■ Task description: Copy every line from the one that holds "top_thumb_newtopics210401_11th" to the end of the records below, exactly and with nothing else, but without any pictures.

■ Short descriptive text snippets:
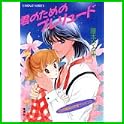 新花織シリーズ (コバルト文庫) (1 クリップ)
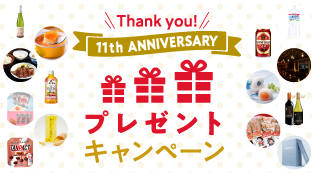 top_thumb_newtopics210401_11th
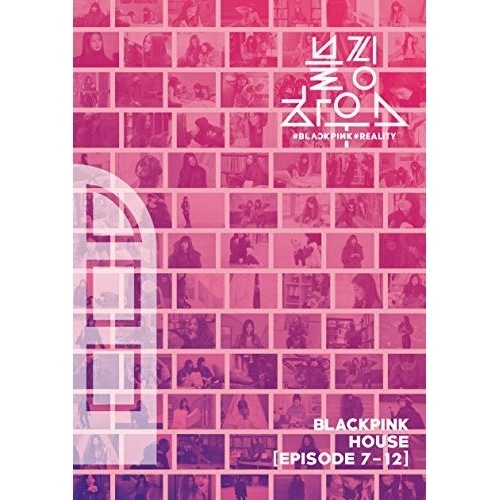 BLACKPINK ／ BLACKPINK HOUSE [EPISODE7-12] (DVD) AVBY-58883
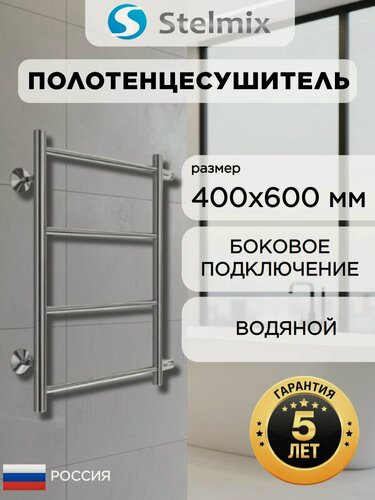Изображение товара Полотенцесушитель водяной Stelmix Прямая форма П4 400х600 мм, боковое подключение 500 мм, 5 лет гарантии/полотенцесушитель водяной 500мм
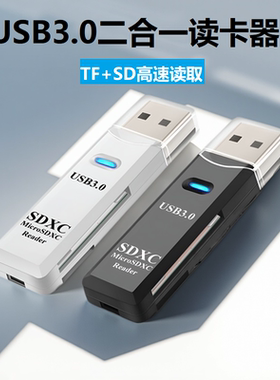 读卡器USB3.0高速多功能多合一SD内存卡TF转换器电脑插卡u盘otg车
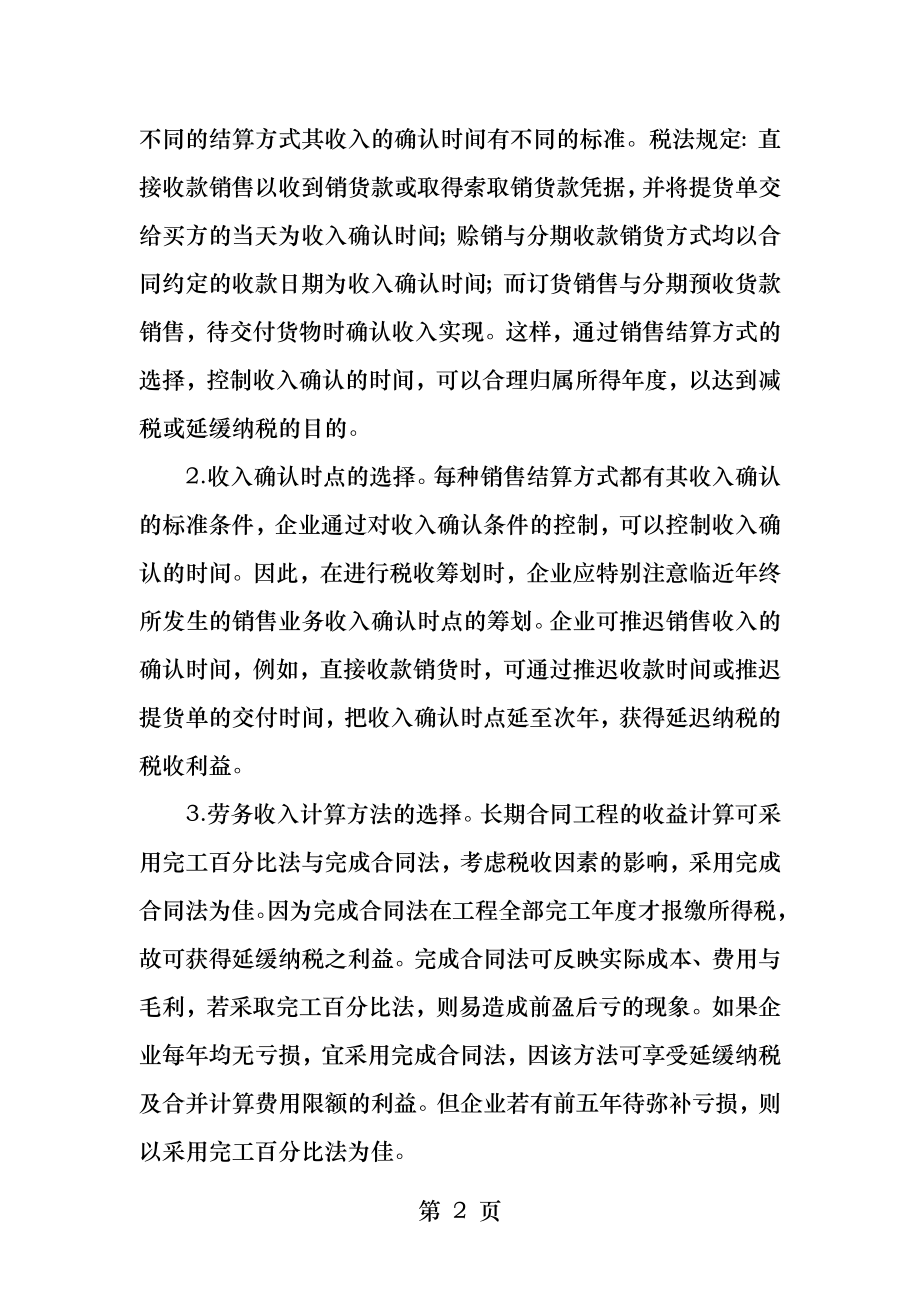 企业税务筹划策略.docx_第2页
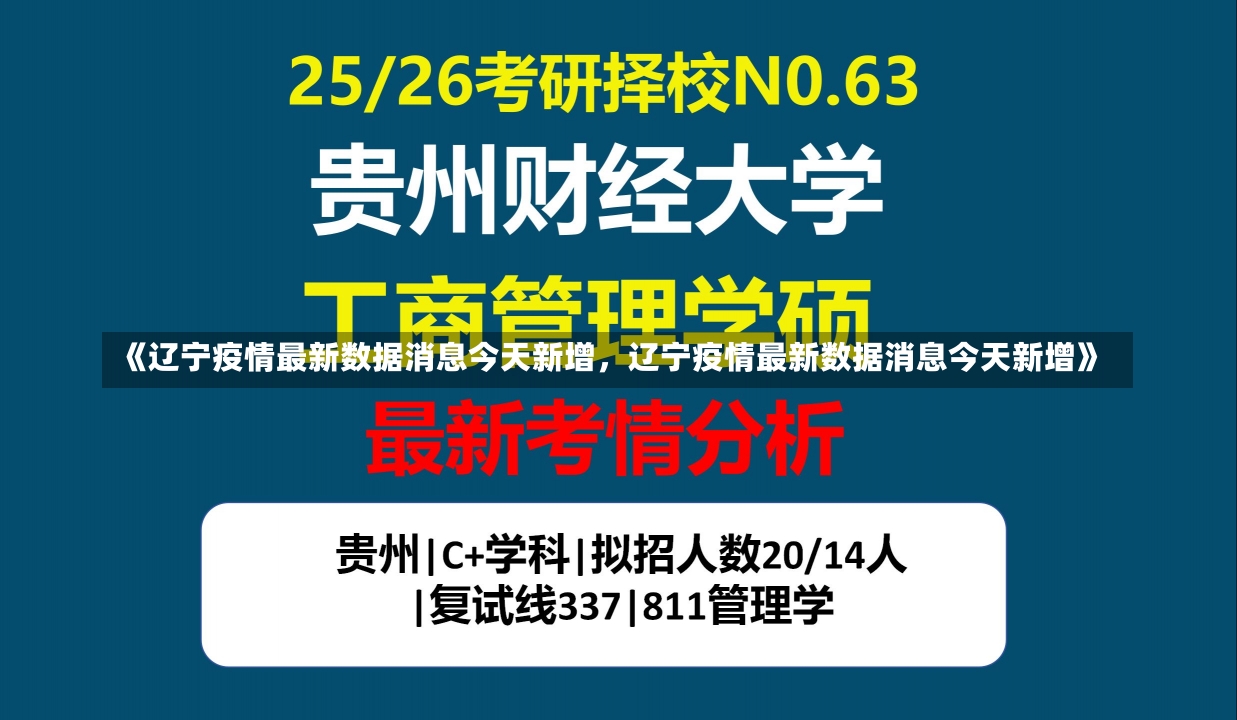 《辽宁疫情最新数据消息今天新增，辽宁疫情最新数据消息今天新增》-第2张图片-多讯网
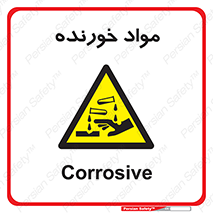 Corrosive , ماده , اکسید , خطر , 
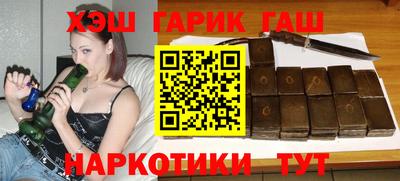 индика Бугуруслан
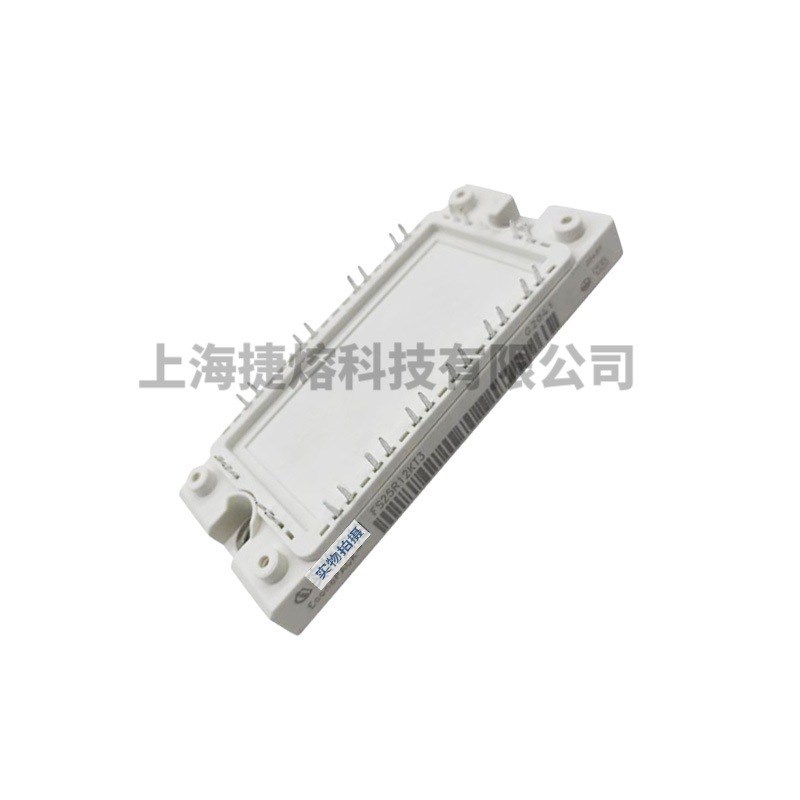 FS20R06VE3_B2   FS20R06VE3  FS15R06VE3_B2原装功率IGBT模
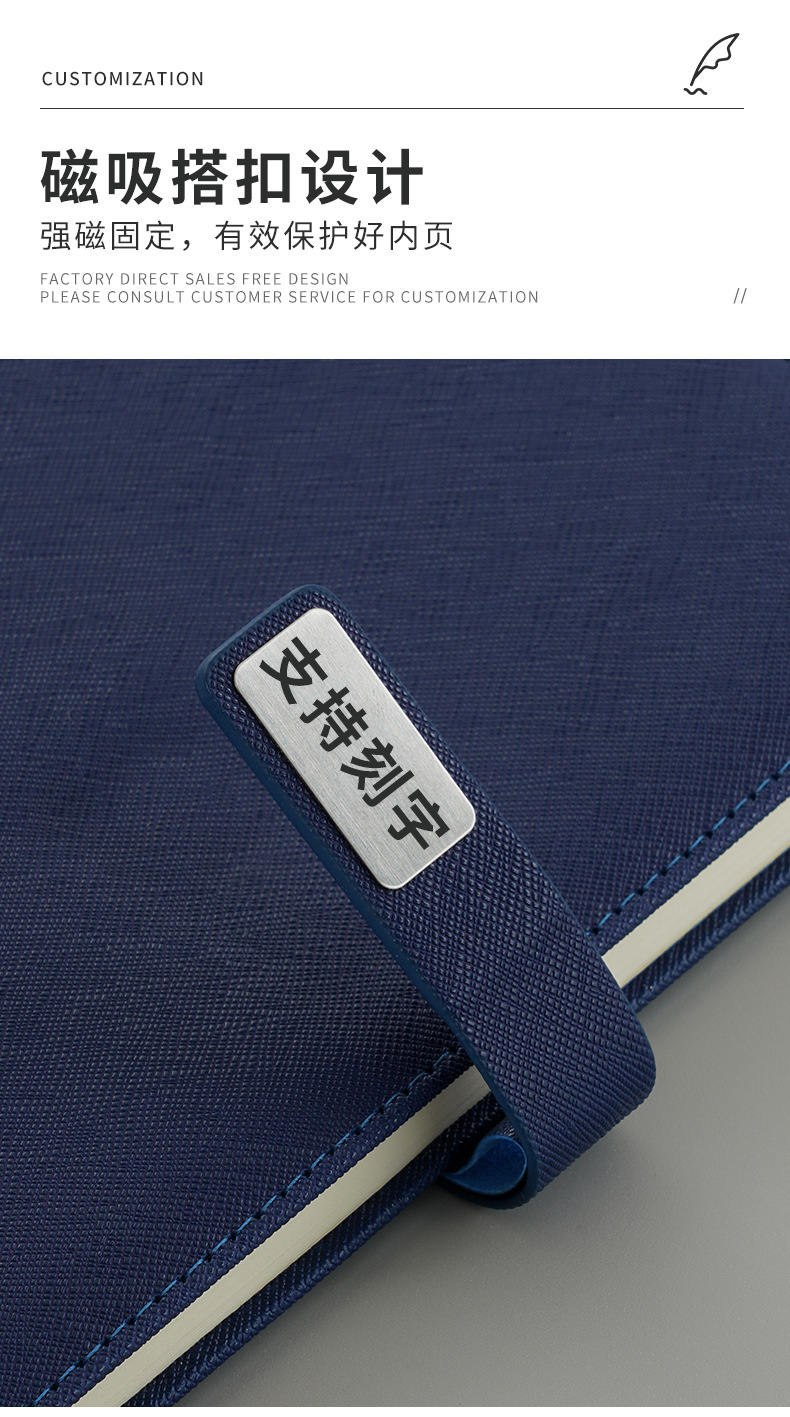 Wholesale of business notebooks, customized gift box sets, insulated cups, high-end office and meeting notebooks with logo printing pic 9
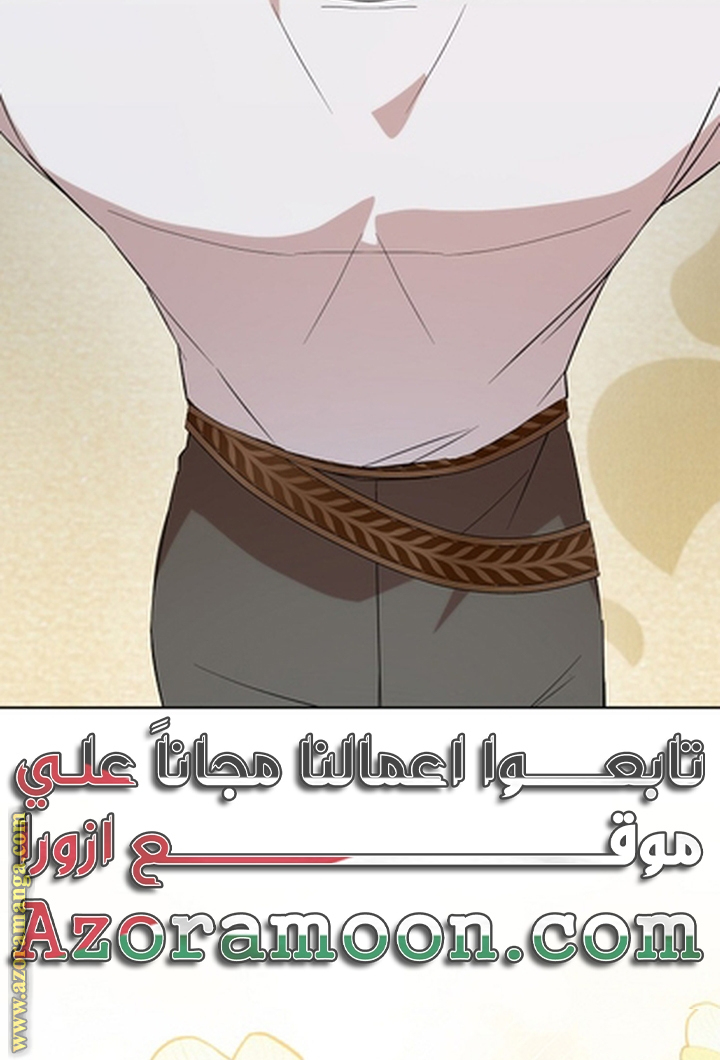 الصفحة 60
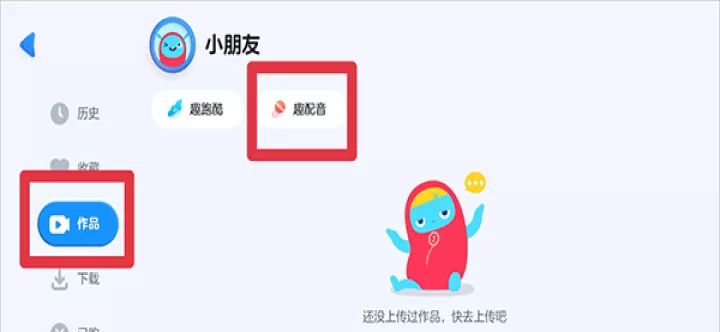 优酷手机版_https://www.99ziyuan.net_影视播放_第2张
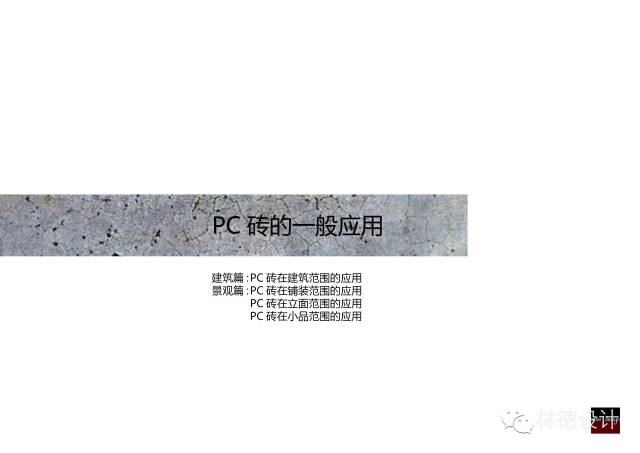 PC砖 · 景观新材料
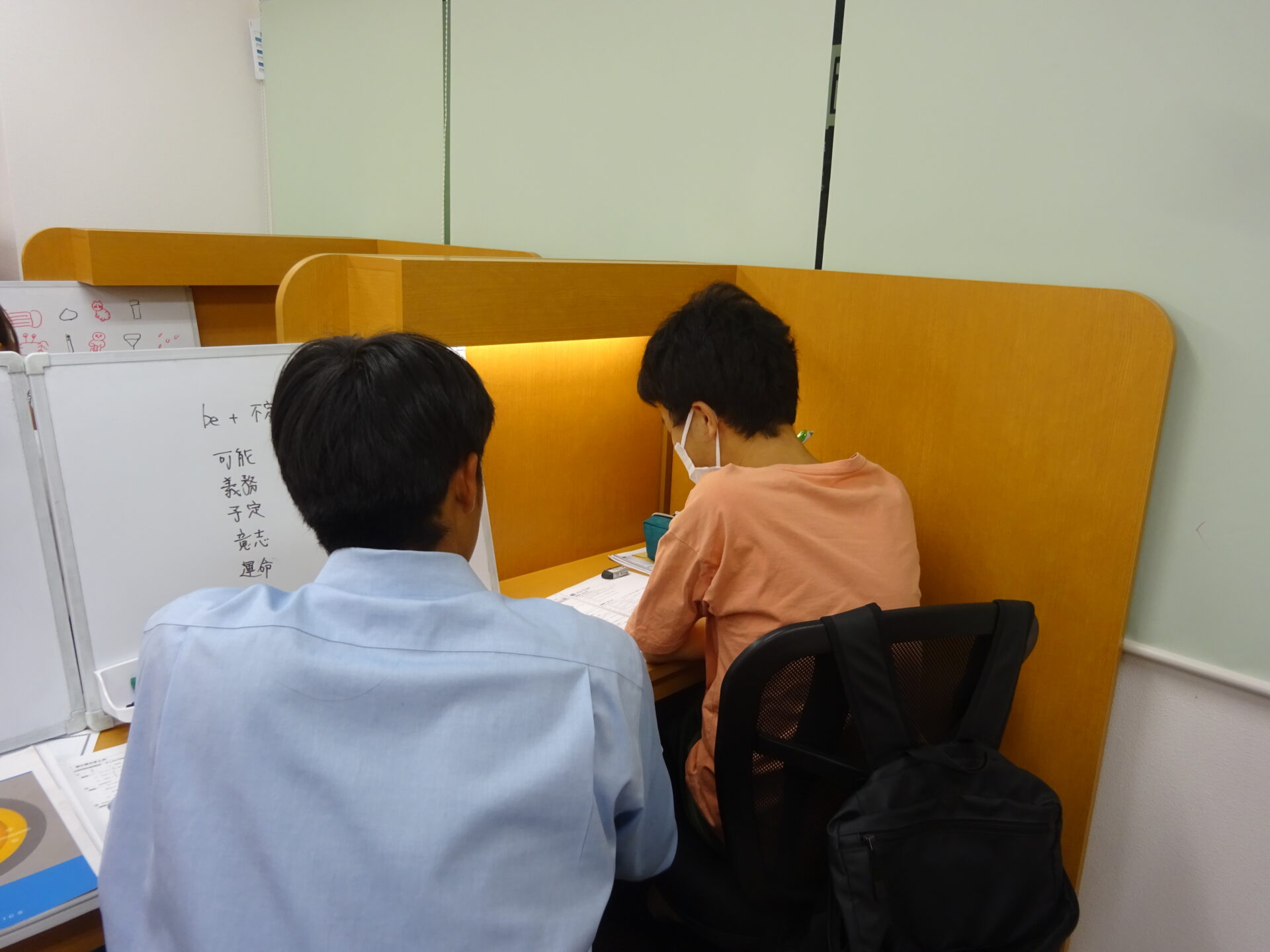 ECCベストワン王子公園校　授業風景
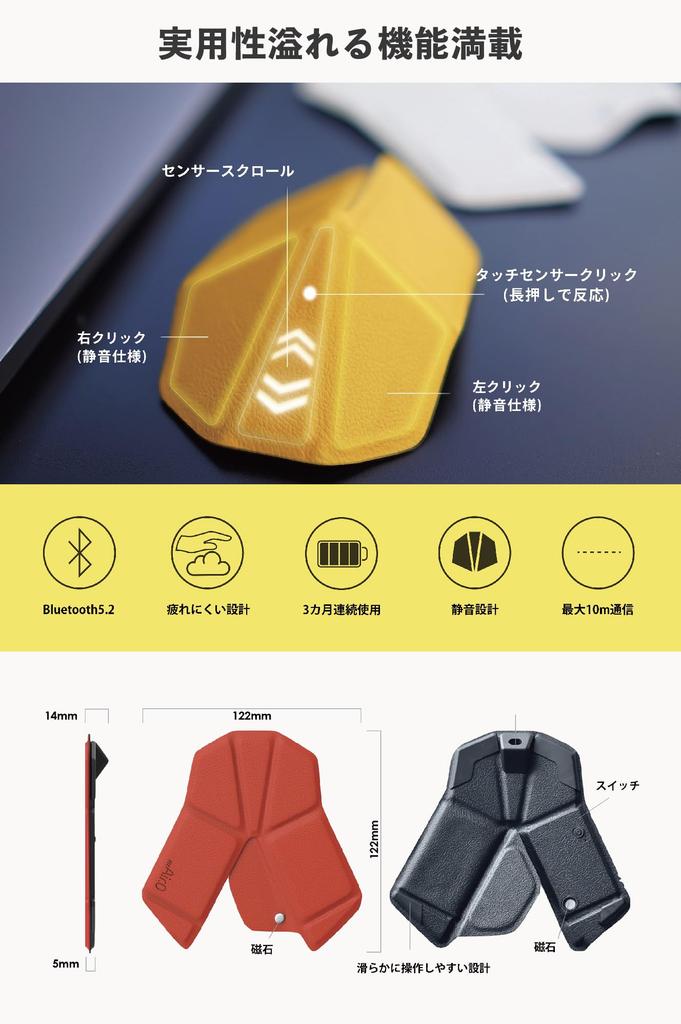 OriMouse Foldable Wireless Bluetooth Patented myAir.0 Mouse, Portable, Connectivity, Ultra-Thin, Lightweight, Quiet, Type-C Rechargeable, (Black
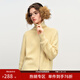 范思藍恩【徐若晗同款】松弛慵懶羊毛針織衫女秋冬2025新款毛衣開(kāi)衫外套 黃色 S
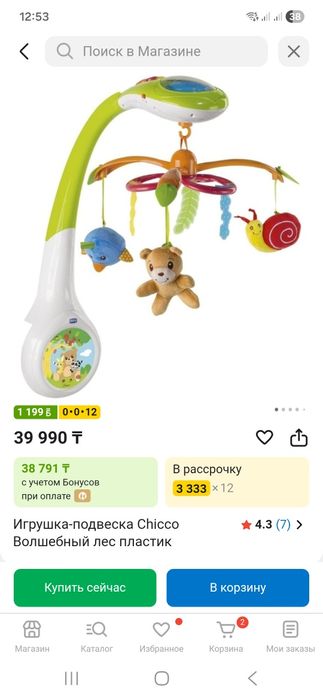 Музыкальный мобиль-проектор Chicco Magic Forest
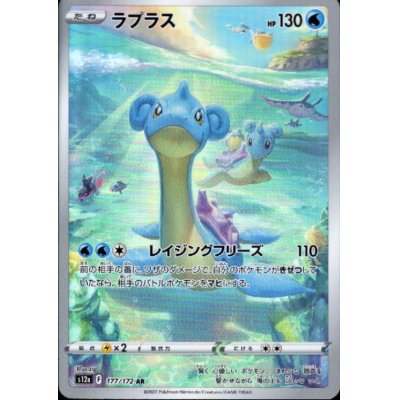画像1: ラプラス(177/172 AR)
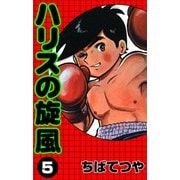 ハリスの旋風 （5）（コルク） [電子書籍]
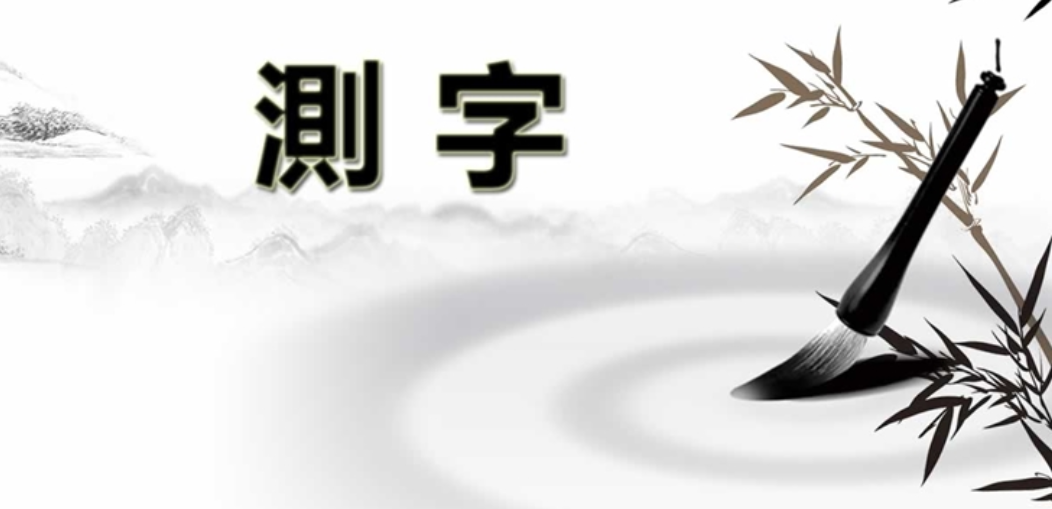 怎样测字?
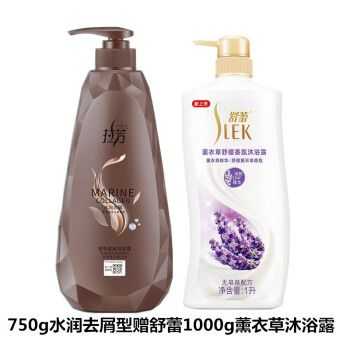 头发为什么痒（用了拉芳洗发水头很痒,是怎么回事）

■ Result below:
 top_thumb_newtopics210401_11th
 BLACKPINK ／ BLACKPINK HOUSE [EPISODE7-12] (DVD) AVBY-58883
Изображение товара Полотенцесушитель водяной Stelmix Прямая форма П4 400х600 мм, боковое подключение 500 мм, 5 лет гарантии/полотенцесушитель водяной 500мм
 读卡器USB3.0高速多功能多合一SD内存卡TF转换器电脑插卡u盘otg车
 企业税务筹划策略.docx_第2页
 《辽宁疫情最新数据消息今天新增，辽宁疫情最新数据消息今天新增》-第2张图片-多讯网
 Corrosive , ماده , اکسید , خطر , 
 индика Бугуруслан
 FS20R06VE3_B2   FS20R06VE3  FS15R06VE3_B2原装功率IGBT模
 Wholesale of business notebooks, customized gift box sets, insulated cups, high-end office and meeting notebooks with logo printing pic 9
 الصفحة 60
 优酷手机版_https://www.99ziyuan.net_影视播放_第2张
 PC砖 · 景观新材料
 ECCベストワン王子公園校　授業風景
 OriMouse Foldable Wireless Bluetooth Patented myAir.0 Mouse, Portable, Connectivity, Ultra-Thin, Lightweight, Quiet, Type-C Rechargeable, (Black
 范思藍恩【徐若晗同款】松弛慵懶羊毛針織衫女秋冬2025新款毛衣開(kāi)衫外套 黃色 S
 Музыкальный мобиль-проектор Chicco Magic Forest
画像1: ラプラス(177/172 AR)
 ハリスの旋風 （5）（コルク） [電子書籍]
 怎样测字?
 头发为什么痒（用了拉芳洗发水头很痒,是怎么回事）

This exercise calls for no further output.